MillenniumPost
Delhi

Capital books highest telegrams as 160-year-old service ends

People across India thronged to telegraph offices to experience the thrill of booking a telegram for one last time as the curtains came down Sunday night on a 160-year-old service.

Some 20,000 telegrams were booked Sunday, of them 2,200 from Delhi followed by Kerala with 1,867, a source in the department said.

The last telegram was sent out to Congress vice president Rahul Gandhi by Ashwani Mishra of DD News at around 11.30 p.m, wishing him ‘success and happiness in life’ and hoping he would attain heights in life as other great men of the past.

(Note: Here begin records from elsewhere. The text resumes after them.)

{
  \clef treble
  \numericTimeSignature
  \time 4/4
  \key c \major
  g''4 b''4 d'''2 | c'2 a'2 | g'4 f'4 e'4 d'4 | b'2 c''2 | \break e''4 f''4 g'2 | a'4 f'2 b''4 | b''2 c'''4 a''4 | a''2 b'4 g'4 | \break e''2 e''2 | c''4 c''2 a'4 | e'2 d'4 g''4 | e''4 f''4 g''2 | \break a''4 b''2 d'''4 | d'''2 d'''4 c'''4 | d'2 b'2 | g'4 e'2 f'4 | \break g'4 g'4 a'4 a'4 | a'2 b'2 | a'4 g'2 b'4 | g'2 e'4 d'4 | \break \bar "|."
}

At the time of its closure, the telegraph department had around 1,000 employees in 75 offices across the country. They all will be deployed in the broadband, landline and cellular divisions of state-run Bharat Sanchar Nigam Limited (BSNL) that operated the service. This will happen from next week, it is learnt.

India owes its telegraph system to its erstwhile British rulers who brought it to the country in 1833 to establish a communication system between their capital Calcutta (now Kolkata) and Howrah. It was expanded across the country in 1853 and even after the arrival of the telephony system in India early in the 20th century, it was the principal means of communications across the vast landmass.

During 1982-83 there were some 45,000 telegraph offices across the country. The annual telegraph traffic during that period was 75.2 million, which has now fallen to 72,000, prompting BSNL to scrap the service as it felt it had lost its relevance in this age of cutting-edge technology.